All lines in the records below with the word "flooring" must be returned.

Scraped caption text data
-*-
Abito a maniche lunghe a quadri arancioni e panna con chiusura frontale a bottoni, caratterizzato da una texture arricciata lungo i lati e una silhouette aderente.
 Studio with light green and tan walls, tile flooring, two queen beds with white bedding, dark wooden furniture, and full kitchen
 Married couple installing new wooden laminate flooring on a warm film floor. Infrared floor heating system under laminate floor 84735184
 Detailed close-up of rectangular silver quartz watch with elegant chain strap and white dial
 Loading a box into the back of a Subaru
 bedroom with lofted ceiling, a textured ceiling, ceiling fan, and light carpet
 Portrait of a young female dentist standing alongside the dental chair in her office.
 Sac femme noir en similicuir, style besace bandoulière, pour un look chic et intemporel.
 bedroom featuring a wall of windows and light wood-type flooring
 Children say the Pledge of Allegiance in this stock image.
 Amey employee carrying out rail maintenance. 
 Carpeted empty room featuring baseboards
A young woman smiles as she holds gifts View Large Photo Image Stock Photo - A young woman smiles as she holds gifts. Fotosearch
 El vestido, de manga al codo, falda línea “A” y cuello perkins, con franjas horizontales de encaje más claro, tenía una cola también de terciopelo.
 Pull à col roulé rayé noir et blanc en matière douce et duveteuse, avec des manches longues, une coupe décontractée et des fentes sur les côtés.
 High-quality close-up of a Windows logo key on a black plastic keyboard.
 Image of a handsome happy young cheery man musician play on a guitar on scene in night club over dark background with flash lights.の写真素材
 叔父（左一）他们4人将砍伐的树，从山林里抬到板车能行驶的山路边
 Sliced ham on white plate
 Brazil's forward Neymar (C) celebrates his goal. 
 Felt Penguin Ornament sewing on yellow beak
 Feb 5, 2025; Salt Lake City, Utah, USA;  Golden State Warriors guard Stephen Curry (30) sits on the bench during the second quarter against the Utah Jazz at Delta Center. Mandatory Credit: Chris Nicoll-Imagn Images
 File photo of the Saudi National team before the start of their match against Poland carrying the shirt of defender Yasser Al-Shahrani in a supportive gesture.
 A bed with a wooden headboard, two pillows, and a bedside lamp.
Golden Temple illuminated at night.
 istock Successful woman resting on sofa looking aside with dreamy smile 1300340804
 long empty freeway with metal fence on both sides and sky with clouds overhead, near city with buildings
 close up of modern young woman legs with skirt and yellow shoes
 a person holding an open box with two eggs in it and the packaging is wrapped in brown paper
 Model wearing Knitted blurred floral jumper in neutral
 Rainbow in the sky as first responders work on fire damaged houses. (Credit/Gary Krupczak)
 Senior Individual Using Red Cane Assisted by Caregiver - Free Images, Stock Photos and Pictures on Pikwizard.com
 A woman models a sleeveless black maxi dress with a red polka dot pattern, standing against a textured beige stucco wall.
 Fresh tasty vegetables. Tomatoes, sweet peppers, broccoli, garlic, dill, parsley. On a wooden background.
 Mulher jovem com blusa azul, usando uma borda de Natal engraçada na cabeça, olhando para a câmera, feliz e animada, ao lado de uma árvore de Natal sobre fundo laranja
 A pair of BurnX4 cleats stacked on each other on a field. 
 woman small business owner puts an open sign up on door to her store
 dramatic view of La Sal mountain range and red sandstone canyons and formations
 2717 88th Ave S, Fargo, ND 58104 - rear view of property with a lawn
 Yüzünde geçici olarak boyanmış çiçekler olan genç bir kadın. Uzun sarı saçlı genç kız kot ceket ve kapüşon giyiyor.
-*-
■ ANSWER BOX
 Studio with light green and tan walls, tile flooring, two queen beds with white bedding, dark wooden furniture, and full kitchen
 Married couple installing new wooden laminate flooring on a warm film floor. Infrared floor heating system under laminate floor 84735184
 bedroom featuring a wall of windows and light wood-type flooring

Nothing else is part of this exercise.